ASKING THE RIGHT QUESTIONS ABOUT JUDGE AND JURY COMPETENCE
We should ask at least two questions when considering taking a task away from juries and giving it to judges on grounds that juries perform the task suboptimally: Is there good reason to believe that judges will perform the task better? What perverse effects may we introduce with this change in tasks? Despite the commonsense basis for these questions, surprisingly little research exists to answer either one. Fortunately, Jennifer Robbennolt’s contribution to this symposium issue provides a very helpful synthesis of the existing empirical research that compares the decisions of judges and juries, which leads to a tentative negative answer to the first question, and elsewhere Robbennolt partially answers the second question. Professor Robbennolt asks and answers the right questions about the allocation of duties between jury and judge, but we need much more research on judicial competence to correct the imbalance relative to the large amount of research on jury competence.

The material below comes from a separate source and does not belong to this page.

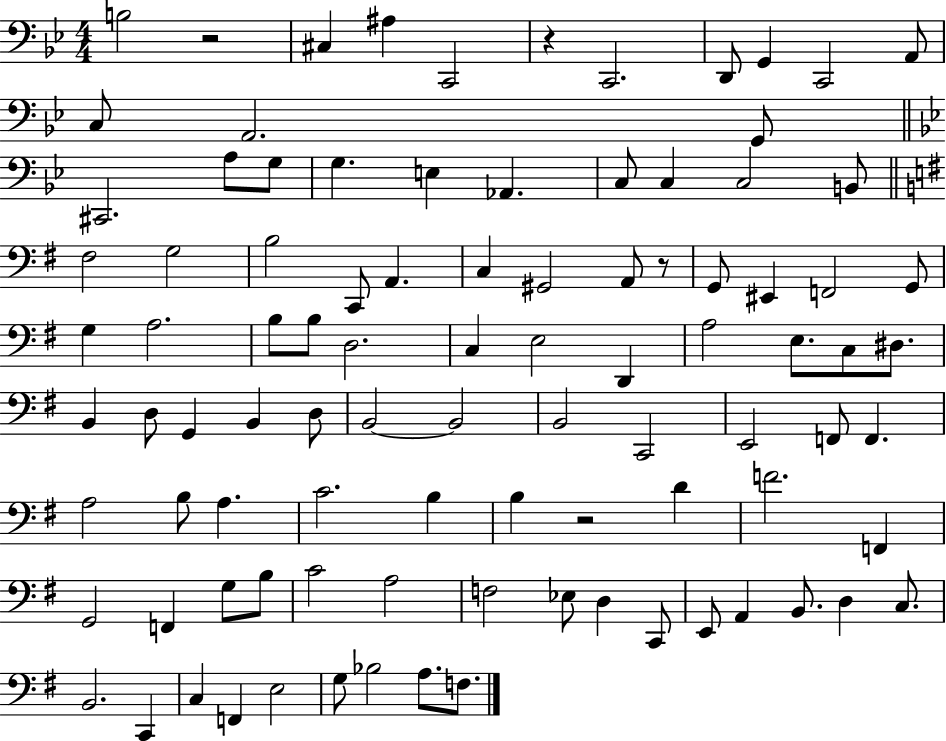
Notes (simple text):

B3/h R/h C#3/q A#3/q C2/h R/q C2/h. D2/e G2/q C2/h A2/e C3/e A2/h. G2/e C#2/h. A3/e G3/e G3/q. E3/q Ab2/q. C3/e C3/q C3/h B2/e F#3/h G3/h B3/h C2/e A2/q. C3/q G#2/h A2/e R/e G2/e EIS2/q F2/h G2/e G3/q A3/h. B3/e B3/e D3/h. C3/q E3/h D2/q A3/h E3/e. C3/e D#3/e. B2/q D3/e G2/q B2/q D3/e B2/h B2/h B2/h C2/h E2/h F2/e F2/q. A3/h B3/e A3/q. C4/h. B3/q B3/q R/h D4/q F4/h. F2/q G2/h F2/q G3/e B3/e C4/h A3/h F3/h Eb3/e D3/q C2/e E2/e A2/q B2/e. D3/q C3/e. B2/h. C2/q C3/q F2/q E3/h G3/e Bb3/h A3/e. F3/e.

RULEMAKING VERSUS ADJUDICATION: A PSYCHOLOGICAL PERSPECTIVE
Jeffrey J. Rachlinski
Legal systems make law in one of two ways: by abstracting general principles from the decisions made in individual cases (through the adjudicative process) or by declaring general principles through a centralized authority that are to be applied in individual cases (through the rulemaking process). Administrative agencies have long had the unfettered authority to choose between the two methods. Although each method could identify the same solution to the legal issues that come before them, in practice, the two systems commonly settle upon different resolutions. Each system presents the underlying legal issue from a different cognitive perspective, highlighting and hiding different aspects of a legal problem. These differences produce different resolutions to legal problems. The single-case perspective of adjudication seems, in many ways, cognitively inferior to the broad perspectives that legislatures can incorporate into their decisionmaking processes. The adjudicative approach, however, has advantages that are less obvious. Notably, the adjudicative process is more likely to facilitate the adoption of simple, elegant rules for decisionmaking. The assessment of which approach is superior is, therefore, indeterminate. Each has its strengths and weaknesses that make it more or less appropriate for different contexts.

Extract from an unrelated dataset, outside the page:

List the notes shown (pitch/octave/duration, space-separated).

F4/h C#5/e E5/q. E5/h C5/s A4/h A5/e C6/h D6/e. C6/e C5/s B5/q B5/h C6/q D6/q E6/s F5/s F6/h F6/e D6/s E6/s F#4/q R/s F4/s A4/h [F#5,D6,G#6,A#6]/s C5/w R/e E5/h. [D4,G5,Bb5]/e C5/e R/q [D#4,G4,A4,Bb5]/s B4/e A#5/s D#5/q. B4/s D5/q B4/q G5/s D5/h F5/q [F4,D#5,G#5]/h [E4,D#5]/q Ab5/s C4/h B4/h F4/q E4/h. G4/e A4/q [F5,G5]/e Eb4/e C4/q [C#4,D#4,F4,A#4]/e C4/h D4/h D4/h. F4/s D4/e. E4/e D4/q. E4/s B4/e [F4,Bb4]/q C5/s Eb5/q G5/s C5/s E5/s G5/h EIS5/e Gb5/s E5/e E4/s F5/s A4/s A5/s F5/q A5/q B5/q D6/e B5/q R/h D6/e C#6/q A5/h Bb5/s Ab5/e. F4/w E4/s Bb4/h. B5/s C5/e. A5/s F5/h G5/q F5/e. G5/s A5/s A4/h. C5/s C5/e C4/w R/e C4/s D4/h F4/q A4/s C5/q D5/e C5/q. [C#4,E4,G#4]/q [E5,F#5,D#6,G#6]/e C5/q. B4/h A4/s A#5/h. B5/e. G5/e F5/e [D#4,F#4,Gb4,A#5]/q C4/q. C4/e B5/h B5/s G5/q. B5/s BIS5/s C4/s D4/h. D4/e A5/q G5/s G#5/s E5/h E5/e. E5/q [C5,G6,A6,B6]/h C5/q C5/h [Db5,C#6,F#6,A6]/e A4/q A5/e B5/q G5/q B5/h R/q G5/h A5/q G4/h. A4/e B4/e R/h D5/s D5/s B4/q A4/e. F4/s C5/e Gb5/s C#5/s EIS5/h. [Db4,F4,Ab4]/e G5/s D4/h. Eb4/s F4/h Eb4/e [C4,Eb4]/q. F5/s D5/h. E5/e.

THE MICROFOUNDATIONS OF STANDARD FORM CONTRACTS: PRICE DISCRIMINATION VS. BEHAVIORAL BIAS
Standard form contracts appear to present a problem for the efficiency claims of those adhering to the positive law and economics school. Indeed, if we envision economic bargaining as movements within an Edgeworth box toward the Pareto set, one does not quite know what to do with standard form contracts. This disconnect between bargaining theory and empirical observation led some legal scholars to view form contracts as adhesion contracts, implying that they are the result of a powerful party thrusting its preferences on a helpless party. The take-it-or-leave-it nature of these contracts, which are generally drafted by the seller of a good or service, casts doubt on the usual assumption that market competition maximizes consumer surplus.
ORGANIZATIONAL MISCONDUCT: BEYOND THE PRINCIPAL-AGENT MODEL
Kimberly D. Krawiec
Recent high-profile events from the Columbia space shuttle disaster and Catholic Church sex scandal to the debacles at major U.S. corporations and financial institutions have caused a renewed interest in the subject of organizational misconduct. Yet we still know relatively little about this extremely important subject. For example, what induces large and important segments of an organization to engage in or ignore deviant behavior? What does and should our legal system do to deter such behavior? Are we currently doing enough?
Tiothy F. Malloy
In a smallish but pleasant office located in a nondescript, singlestory brick building on the north edge of RBS Industries’ chemical manufacturing plant, Kay Burde reviews specifications for changes to one of the plant’s production processes. Kay, a midlevel environmental manager for the firm, is particularly interested in the likely level of increased emissions and in why accountants in the plant’s corporate headquarters characterized those changes as capital expenditures. She is interested because these two factors, taken into account with several others, guide and constrain her judgment as to whether the changes will trigger additional regulatory obligations under the Clean Air Act and will ultimately require her to notify the Environmental Protection Agency (EPA) of the changes and the ensuing obligations.
TOO MUCH PAY, TOO MUCH DEFERENCE: BEHAVIORAL CORPORATE FINANCE, CEOS, AND CORPORATE GOVERNANCE
Troy A. Paredes
In this Article, Professor Paredes considers the implications of behavioral corporate finance, and of CEO overconfidence especially, for corporate governance. To date, corporate governance has focused on solving conflicts of interest and on motivating managers to work hard—in other words, on traditional agency problems. Corporate governance has not emphasized the need to remedy the kind of “good-faith mismanagement” that results when CEOs are overconfident, although well-intentioned and hard-working.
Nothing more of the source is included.